Pogarsza się sytuacja na oddziałach dziecięcych w krakowskich szpitalach. O problemie w TVN24 opowiadała dr Lidia Stopyra, ordynatorka oddziałów chorób infekcyjnych i pediatrii szpitala im. Stefana Żeromskiego w Krakowie. - W placówce według oficjalnych danych jest 25 łóżek dla młodych pacjentów z COVID-19. - W tej chwili mamy 30 pacjentów, 25 z potwierdzonym COVID-19 i pięciu z podejrzeniem, ale to podejrzenie oznacza w praktyce pacjenta w kwarantannie. Oddział podzielony jest na dwie części, zupełnie od siebie oddzielone - część covidową, tę 25-miejscową i 15 łóżek dla dzieci z innymi chorobami zakaźnymi. W tej chwili na części covidowej jest zupełne przepełnienie - powiedziała lekarka.
Dr Stopyra tłumaczyła w stacji, jak szpital poradził sobie z przyjęciem wszystkich pacjentów. - W sali, która jest przeznaczona dla trzech pacjentów, jest obecnie czworo pacjentów. Na sali, gdzie jest miejsce dla jednej osoby, są dwie. Jest ciasno.

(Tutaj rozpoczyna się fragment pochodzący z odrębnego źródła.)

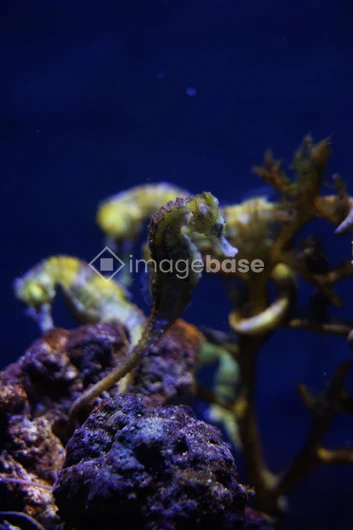 Seahorses in Marine Habitat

Karetki przyjeżdżają cały czas, w ciągu ostatniej doby mieliśmy 16 przyjęć - 11 dzieci z potwierdzonym koronawirusem, pięcioro dzieci z podejrzeniem. Koledzy już nawet nie dzwonią, bo boją się, że powiemy, że nie mamy miejsca, więc po prostu przysyłają dzieci bez uprzedzenia - opowiedziała. Jak dodała, "11 pacjentów covidowych, pediatrycznych w ciągu doby, to absolutny rekord".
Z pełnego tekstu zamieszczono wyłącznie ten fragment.